日本政策金融公庫はこのほど、「中小企業の雇用・賃金に関する調査」の結果を公表した。2018年12月において、正社員が「不足」と回答した企業割合は、全業種計で60・8%となり、前年(58・0%)から2・8ポイント上昇した。「適正」は34・5%、「過剰」は4・7%となった。
正社員の過不足感について業種別に見ると、運送業(83・5%)が最多。次いで、建設業(74・7%)、情報通信業(72・7%)などで「不足」と回答した割合が高かった。
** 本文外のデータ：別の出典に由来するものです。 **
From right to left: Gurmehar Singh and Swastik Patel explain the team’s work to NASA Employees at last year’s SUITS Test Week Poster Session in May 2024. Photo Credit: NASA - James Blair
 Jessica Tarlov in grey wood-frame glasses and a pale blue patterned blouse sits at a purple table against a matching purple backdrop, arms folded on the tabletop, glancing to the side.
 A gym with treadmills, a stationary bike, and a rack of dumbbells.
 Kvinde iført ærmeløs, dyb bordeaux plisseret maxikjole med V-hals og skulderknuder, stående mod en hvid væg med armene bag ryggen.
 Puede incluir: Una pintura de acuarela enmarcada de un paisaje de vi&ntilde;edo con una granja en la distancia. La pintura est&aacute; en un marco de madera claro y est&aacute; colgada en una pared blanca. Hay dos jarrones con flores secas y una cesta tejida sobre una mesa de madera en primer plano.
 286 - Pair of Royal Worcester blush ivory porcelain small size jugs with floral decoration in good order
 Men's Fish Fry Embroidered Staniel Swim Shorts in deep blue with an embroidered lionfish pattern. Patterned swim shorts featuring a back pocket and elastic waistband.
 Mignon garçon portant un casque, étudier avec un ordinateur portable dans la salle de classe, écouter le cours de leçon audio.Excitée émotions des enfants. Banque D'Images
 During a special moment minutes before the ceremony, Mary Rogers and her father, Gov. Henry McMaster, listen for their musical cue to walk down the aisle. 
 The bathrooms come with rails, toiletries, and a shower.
人手不足の影響について見ると、「売上機会を逸失」(37・3%)と回答した企業割合が最も高く、次いで「残業代、外注費などのコストが増加し、利益が減少」(29・1%)、「納期の長期化、遅延の発生」(13・8%)となった。人手不足への対応について見ると、「従業員の多能工化」(41・8%)が最も高く、次いで「残業を増加」(38・6%)、「業務の一部を外注化」(33・8%)となった。
18年12月の正社員数の増減を見ると、「増加」と回答した企業は32・1%となり、17年実績(30・8%)と比べて1・3ポイント上昇した。また、「減少」は19・5%となり、17年実績(18・7%)と比べて0・8ポイント上昇した。「増加」と回答した企業を業種別に見ると、情報通信業(60・5%)、運送業(34・7%)、製造業(34・0%)などで割合が高かった。
従業員数の増加理由を見ると、「将来の人手不足への備え」が54・1%と最も高くなっており、将来を見据えて人材育成に取り組む姿勢がうかがえる。また、「受注・販売が増加」の割合も42・7%と高くなっており、業況の回復の影響も見られる。
減少理由を見ると、「転職者の補充人員を募集したが採用できず」が59・3%で最多。次いで「定年退職者の補充人員を募集したが採用できず」が23・2%となっており、雇用環境の改善が続く中、思ったように採用ができない現状がうかがえる。
調査は2018年12月に実施。4671社から回答を得た。